◆ ABOUT THIS TASK ◆
Set down, please, without alteration, the lines of the entries below from the first through the one containing "Cool Panda Graphic".

-- RECORDED INFORMATION follows --

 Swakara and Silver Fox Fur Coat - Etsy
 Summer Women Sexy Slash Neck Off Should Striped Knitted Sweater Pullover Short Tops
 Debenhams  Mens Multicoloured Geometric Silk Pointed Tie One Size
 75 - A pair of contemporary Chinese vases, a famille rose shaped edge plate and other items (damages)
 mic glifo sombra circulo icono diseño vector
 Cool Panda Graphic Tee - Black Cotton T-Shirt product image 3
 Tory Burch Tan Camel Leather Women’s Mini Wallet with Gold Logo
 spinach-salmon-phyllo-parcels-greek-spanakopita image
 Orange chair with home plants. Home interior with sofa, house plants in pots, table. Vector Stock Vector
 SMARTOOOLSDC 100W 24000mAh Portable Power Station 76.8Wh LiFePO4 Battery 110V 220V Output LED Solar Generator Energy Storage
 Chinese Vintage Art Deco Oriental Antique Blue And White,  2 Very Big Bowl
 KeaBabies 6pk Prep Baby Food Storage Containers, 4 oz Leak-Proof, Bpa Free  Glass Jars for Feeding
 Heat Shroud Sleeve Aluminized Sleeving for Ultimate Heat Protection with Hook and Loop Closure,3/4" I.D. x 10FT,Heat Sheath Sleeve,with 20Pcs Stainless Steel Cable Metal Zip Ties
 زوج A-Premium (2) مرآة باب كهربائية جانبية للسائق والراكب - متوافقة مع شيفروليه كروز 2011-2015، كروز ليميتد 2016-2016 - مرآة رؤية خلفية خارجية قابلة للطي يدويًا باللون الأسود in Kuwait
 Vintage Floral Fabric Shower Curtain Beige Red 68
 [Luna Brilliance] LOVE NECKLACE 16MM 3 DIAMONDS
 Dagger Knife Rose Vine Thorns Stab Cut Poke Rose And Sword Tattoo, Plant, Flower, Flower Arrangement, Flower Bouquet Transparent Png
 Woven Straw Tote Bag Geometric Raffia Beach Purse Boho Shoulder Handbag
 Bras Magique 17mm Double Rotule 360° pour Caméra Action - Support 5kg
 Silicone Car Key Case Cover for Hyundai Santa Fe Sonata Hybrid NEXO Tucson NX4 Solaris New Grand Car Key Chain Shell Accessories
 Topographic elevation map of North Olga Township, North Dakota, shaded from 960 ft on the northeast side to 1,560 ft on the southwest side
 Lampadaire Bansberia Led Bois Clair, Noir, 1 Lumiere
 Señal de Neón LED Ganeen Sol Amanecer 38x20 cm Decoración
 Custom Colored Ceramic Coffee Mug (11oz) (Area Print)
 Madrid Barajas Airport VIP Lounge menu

-- RECORDED INFORMATION concluded --

◆ ANSWER TO THE PROBLEM ◆
 Swakara and Silver Fox Fur Coat - Etsy
 Summer Women Sexy Slash Neck Off Should Striped Knitted Sweater Pullover Short Tops
 Debenhams  Mens Multicoloured Geometric Silk Pointed Tie One Size
 75 - A pair of contemporary Chinese vases, a famille rose shaped edge plate and other items (damages)
 mic glifo sombra circulo icono diseño vector
 Cool Panda Graphic Tee - Black Cotton T-Shirt product image 3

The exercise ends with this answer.